* Assignment *
The data below should be retyped exactly, with the pictures left out.

* Dataset extract *
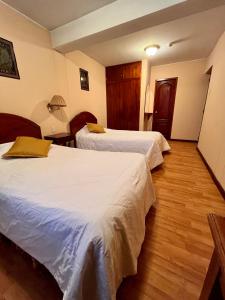 a hotel room with two beds and wooden floors at Hotel Vilandre in Cusco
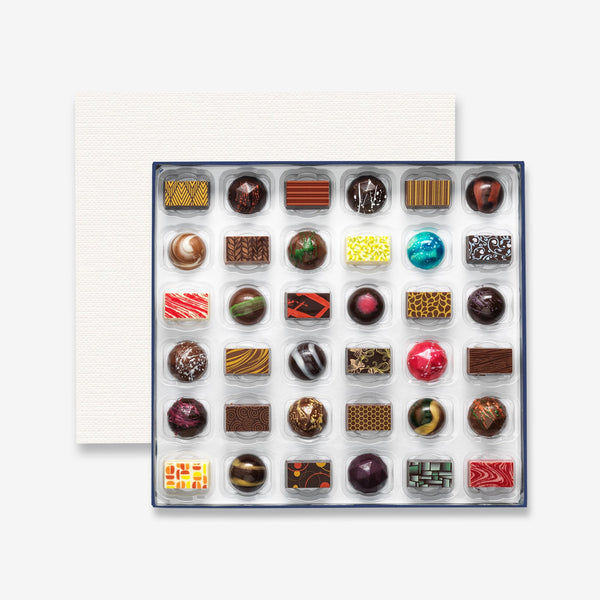 A box of 36 artisan chocolates colourfully decorated 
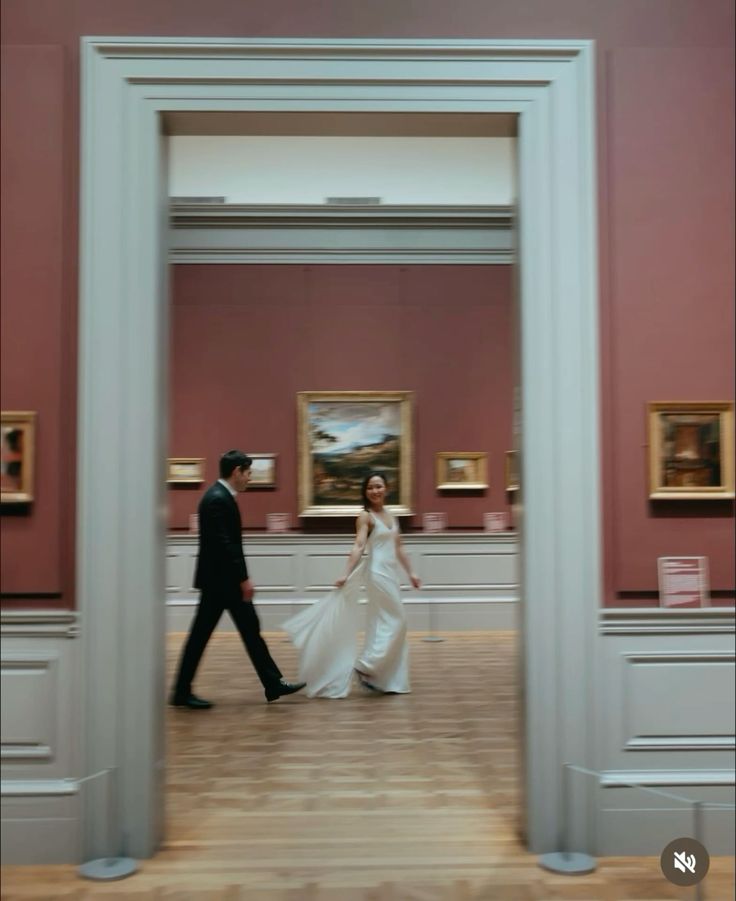Romantic prenup photography session at a museum with natural light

* Exercise answer *
 a hotel room with two beds and wooden floors at Hotel Vilandre in Cusco
 A box of 36 artisan chocolates colourfully decorated 
Romantic prenup photography session at a museum with natural light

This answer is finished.